## Task directions
From the line with "Apartament 1+1 me" to the line with "Blechkuchen, Kaffee und Zimt auf Küchentisch", retype every line exactly, including those two, and leave out the rest of the data below.

## Data for this task
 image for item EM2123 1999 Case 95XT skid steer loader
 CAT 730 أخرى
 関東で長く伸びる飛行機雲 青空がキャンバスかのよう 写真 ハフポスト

--

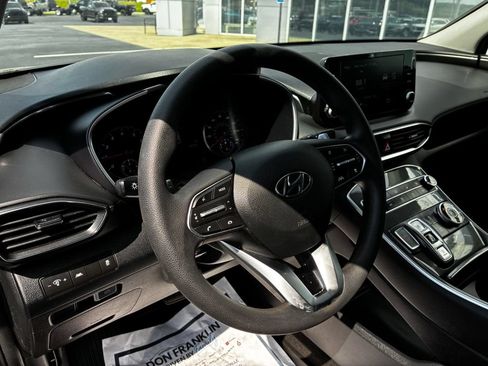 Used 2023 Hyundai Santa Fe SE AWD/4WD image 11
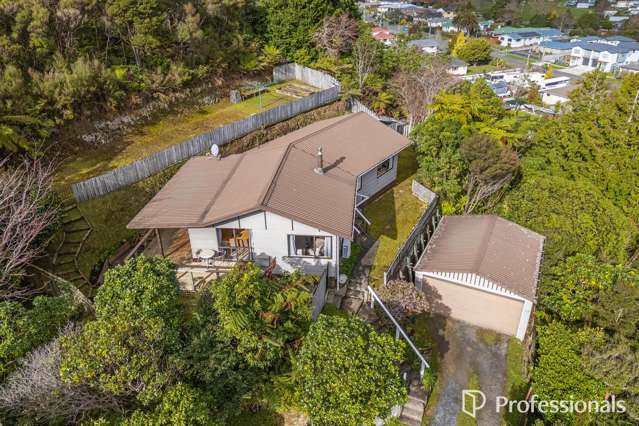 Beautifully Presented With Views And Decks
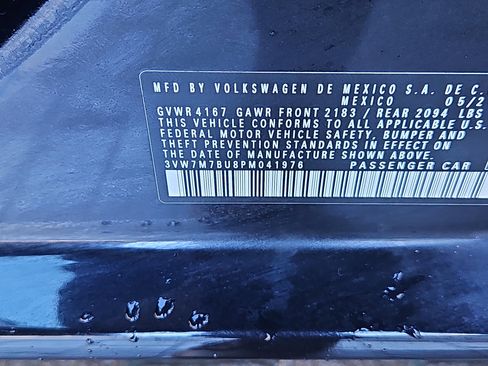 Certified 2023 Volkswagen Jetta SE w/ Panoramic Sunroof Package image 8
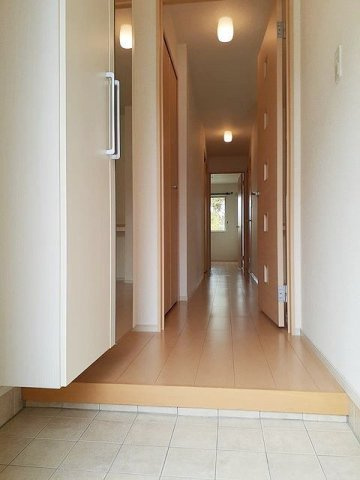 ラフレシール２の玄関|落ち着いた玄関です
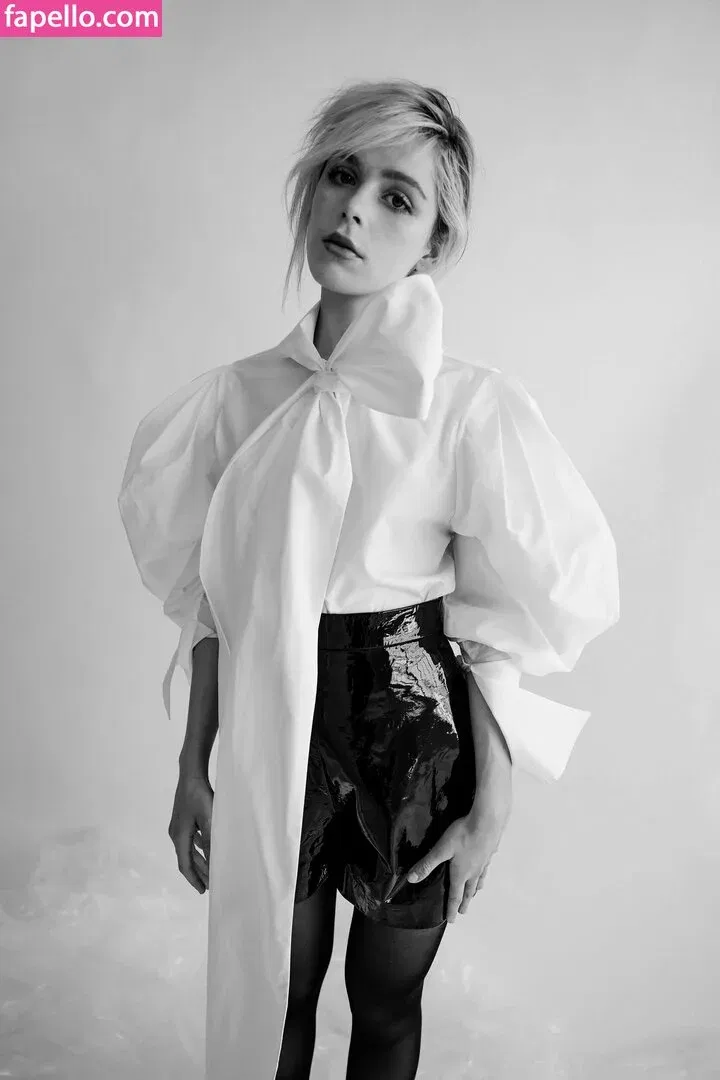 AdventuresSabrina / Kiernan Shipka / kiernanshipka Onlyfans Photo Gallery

--

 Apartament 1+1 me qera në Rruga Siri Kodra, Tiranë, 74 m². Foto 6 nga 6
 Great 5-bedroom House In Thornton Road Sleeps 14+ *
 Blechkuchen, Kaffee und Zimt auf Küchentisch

## Result
 Apartament 1+1 me qera në Rruga Siri Kodra, Tiranë, 74 m². Foto 6 nga 6
 Great 5-bedroom House In Thornton Road Sleeps 14+ *
 Blechkuchen, Kaffee und Zimt auf Küchentisch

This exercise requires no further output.